Incluso hay una cara peor de la industria tecnológica: El reciclado de los componentes y las materias primas que los forman. Gran parte de todo el material electrónico que se desecha termina en centros de reciclaje en suburbios del tercer mundo. Lugares similares a vertederos, pero poblados de circuitos integrados y condensadores en lugar de restos orgánicos o envases. Niños y mujeres suelen ser la mano de obra de estos lugares. Su labor es extraer el oro o el platino de la circuitería para que vuelvan a ser empleados en las cadenas de producción. Utilizan para realizar su muy mal pagado trabajo productos altamente tóxicos y corrosivos que usan sin una mínima protección. Inhalar estas sustancias venenosas les causarán estragos en su salud. Cuando enfermen no tendrán un sistema sanitario más o menos eficiente, ni derecho a una baja laboral, ni un seguro que les cubra a ellos y sus familiares. Trabajarán hasta enfermar y luego serán reemplazados por otros. Morirán de los efectos nocivos del trabajo que realizaron de forma casi esclava, en condiciones infrahumanas.
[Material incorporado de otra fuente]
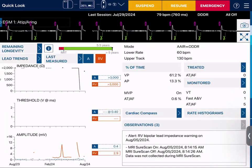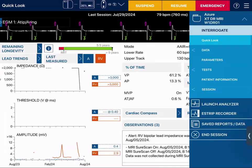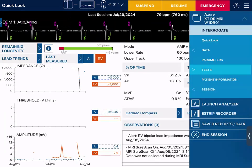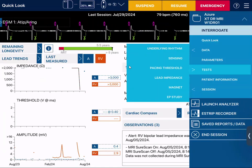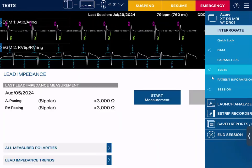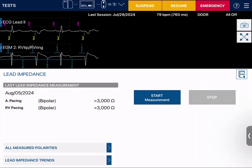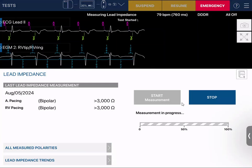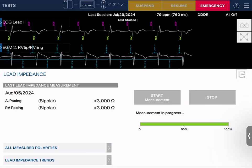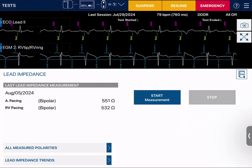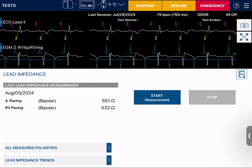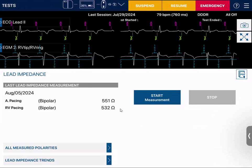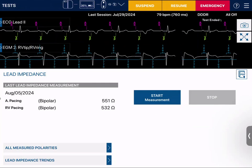Then I'm going to start with my tests and do my lead impedance test. I click on lead impedance and hit start measurement. It's going to give me lead impedance measurements, and those should be similar to what the device has measured prior.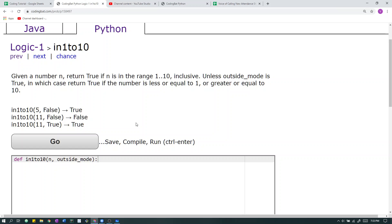Logic 1 in 1 to 10, Python. Given a number n, return true if n is in the range 1 to 10 inclusive. Unless outside mode is true, in which case return true if the number is less or equal to 1 or greater or equal to 10.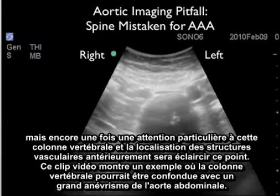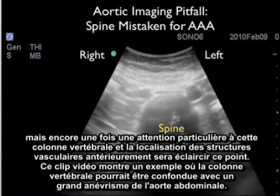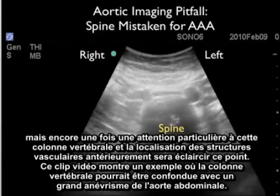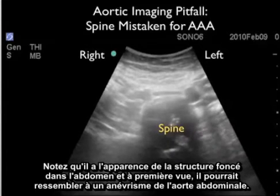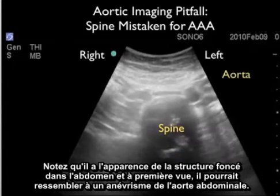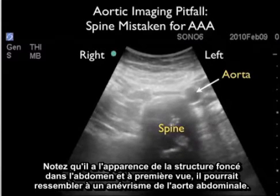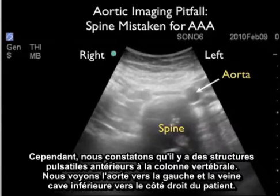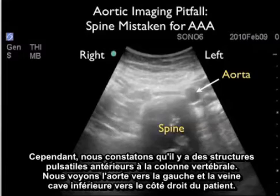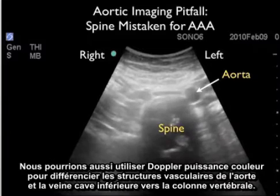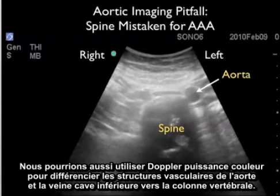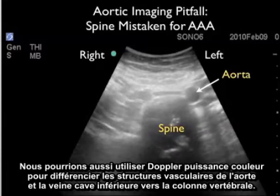This video clip shows an example where the spine could be mistaken as a large abdominal aortic aneurysm. Notice that it has the appearance of a dark structure within the abdomen, and at first glance it could look like an AAA. However, we note that there are pulsatile structures anterior to the spine — we see the aorta to the left and the IVC towards the patient's right side. We could also use color power Doppler to differentiate the vascular structures of the aorta and IVC versus the spine.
Todos estos obreros son privados de una vida decente, contratados por sueldos paupérrimos, con jornadas interminables y sin las medidas mínimas de seguridad laboral en pos del avance de la sociedad industrializada y tecnificada. No se valora ni su salud ni sus derechos más elementales. Como aquella imágenes de la película de Fritz Lang "Metrópolis", marchan cabizbajos en línea a su puesto en la fábrica hundida en las profundidades de la ciudad mientras, en la parte alta, los ricos disfrutan de las comodidades y del progreso. Poco ha cambiado desde aquella visión distópica de Fritz Lang en los años 20. Más bien parece que se haya luchado por hacerla realidad. La diferencia entre el mal llamado primer mundo y los países pobres se acentúa. Cada día son más las empresas que trasladas líneas de producción de todo tipo a estos países. Buscan abaratar tanto como les sea posible los costes de producción al precio humano que sea necesario. Cuentan con el beneplácito de los gobiernos, que anteponen los beneficios de las corporaciones a los derechos de sus ciudadanos.

Estos obreros, iguales nuestros, mueren por culpa del ansia consumista de un primer mundo deslumbrado por las pequeñas pantallas de sus maravillosos teléfonos y televisores de plasma. Un primer mundo que demanda cada día más aparatos tecnológicos y más baratos está llevando a campos de trabajo, campos de muerte, a miles de sus iguales. En nuestra mano también está ayudar a cambiar esta situación. No podemos permanecer de brazos cruzados mientras nuestros compañeros se dejan la salud por un salario indigno para mayor beneficio de unos pocos. La movilización obrera está por encima de las fronteras en las que no creemos, las etnias o las costumbres.
En nosotros está la causa de su dolor y la llave para soltar sus cadenas.